Pattern: Batch Calls

// GOOD: 1 bridge call with batch data
var results = javaService.ValidateOrders(orders);  // ~50µs total
// 50µs vs 10ms = 200x faster

Rule: Every cross-runtime call has fixed overhead. Minimize the number of calls, not the data per call. One call with 1000 items beats 1000 calls with 1 item.

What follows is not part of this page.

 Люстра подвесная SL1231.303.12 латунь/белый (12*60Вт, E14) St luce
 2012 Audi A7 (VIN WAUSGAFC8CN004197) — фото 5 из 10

Pattern: Coarse-Grained Interfaces

// BAD: Fine-grained Java API from .NET
var customer = javaProxy.GetCustomer(id);
var address = javaProxy.GetAddress(customer.AddressId);
var orders = javaProxy.GetOrders(customer.Id);
var total = javaProxy.CalculateTotal(orders);
// 4 bridge calls

// GOOD: Coarse-grained facade
var summary = javaProxy.GetCustomerSummary(id);
// 1 bridge call — Java handles the joins internally

Design principle: Create coarse-grained Java facades that batch operations per bridge call. Let Java-to-Java calls happen inside the JVM (zero overhead), and only cross the bridge for the final result.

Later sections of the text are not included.